For the second year in a row, we ignored the spring downpour and ventured off to Marymoor Park to see the Cavalia show. This production, titled Odysseo, was indeed spectacular although the fantastic staging and acrobats overshadowed in some ways the magnificent horses. Still, it was a breathtaking evening and those horses are just so beautiful. And I’m always amazed by the logistics of this endeavor: 66 horses, 52 performers, a 125-foot high tent, a lake that forms during the closing scenes. All very wondrous.
We completed the 1,000-piece Mallards puzzle rather quickly… except for the final 250 pieces or so of sky: all subtle shades of blue, white, beige, and gray.
Not like most of the rest of the country but bizarre enough for Seattle. We had a delightful stretch of days to end February: I played golf Wednesday, Thursday and Friday. Friday was especially nice–almost short-sleeve weather with temperature in the mid 50′s by the time I finished my morning round. I took this picture of the Meadowbrook Slough along Mt. Si’s hole number 11.
Saturday was cold and wet with the temperature twenty degrees colder than Friday afternoon. It began to snow late in the evening and today (Sunday) we woke up to a shallow coating of frozen snow and rain. That didn’t stop us from making a trip into Issaquah to have breakfast at the Barnes & Noble Starbucks where we were treated to a unique, Northwest-only scene. The Starbucks café overlooks a large, nicely landscaped pond and perched on the pedestrian bridge was a magnificent eagle, eyeing it seemed, the mallards cruising nearby. I grabbed my camera from the car but Mr. Eagle departed before I could capture him digitally.
My regular golf buddy, Ron Hillis, and I fought the persistent winds to take advantage of a rare dry and partially sunny day at Mt. Si. In spite of this bizarre lie on number 12, I still managed a respectable 83 even after the double bogey on this hole.

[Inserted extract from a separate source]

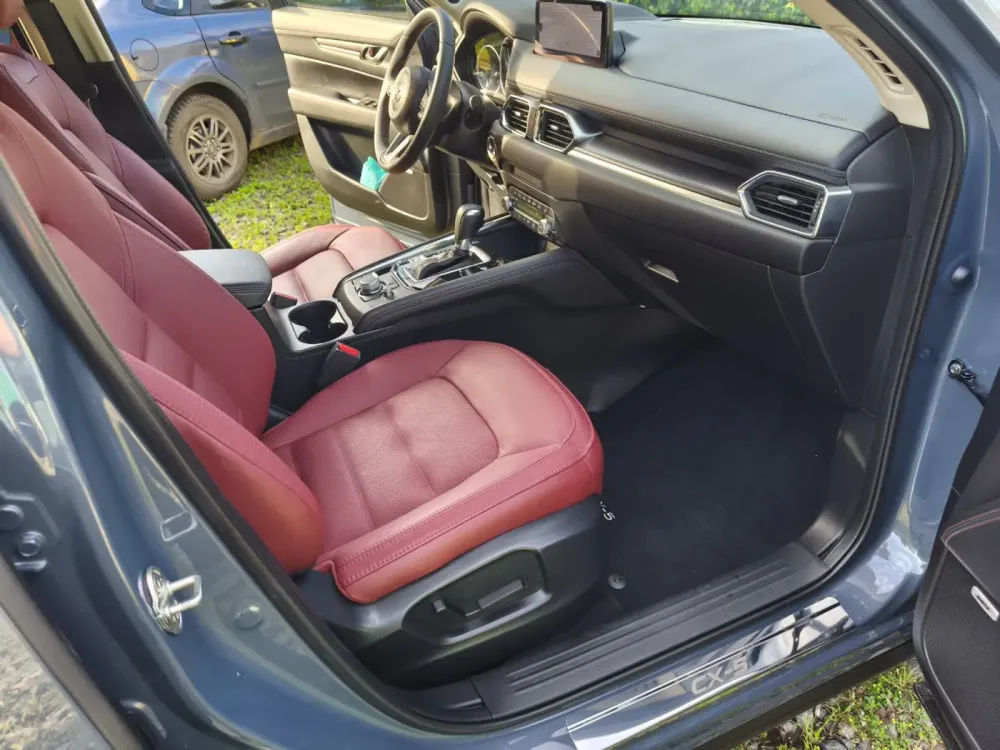 Продажа Mazda CX-5 II Рестайлинг, 2023г., Бобруйск Бобруйск - изображение 5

A lively performance of traditional Scottish music is a great tonic for the dreary Seattle winter weather. Tonight we attended a concert by the Tannahill Weavers at the cozy Kirkland Performance Center. The band began performing in 1968(!) and we previously saw them in Ann Arbor around 1993, I think. They were as good as I remember and very energetic given this was their seventh show in eight days.

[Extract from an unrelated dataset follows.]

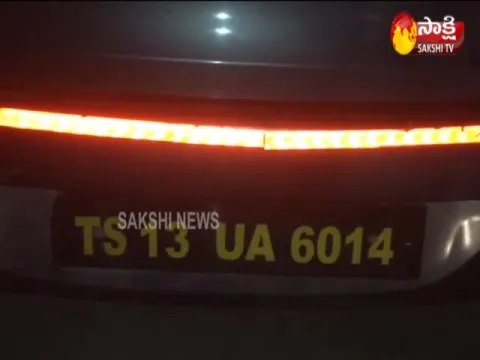 Five Injured In Road Accident At Rajendra Nagar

I’ve spent a lot of time doing the normal winter-months housekeeping of my stamp collection: tidying up the database, looking for good deals on Ebay, etc. With a few recent acquisitions I now have over 5,000 unique U.S. stamps and over 13,000 items total when I add up the new and used U.S. and Spanish pieces. The oldest stamp in the albums is this nondescript 3-cent George Washington item from 1851. It’s in pretty good condition for a stamp that was hand-cancelled and went through the mail 163 years ago.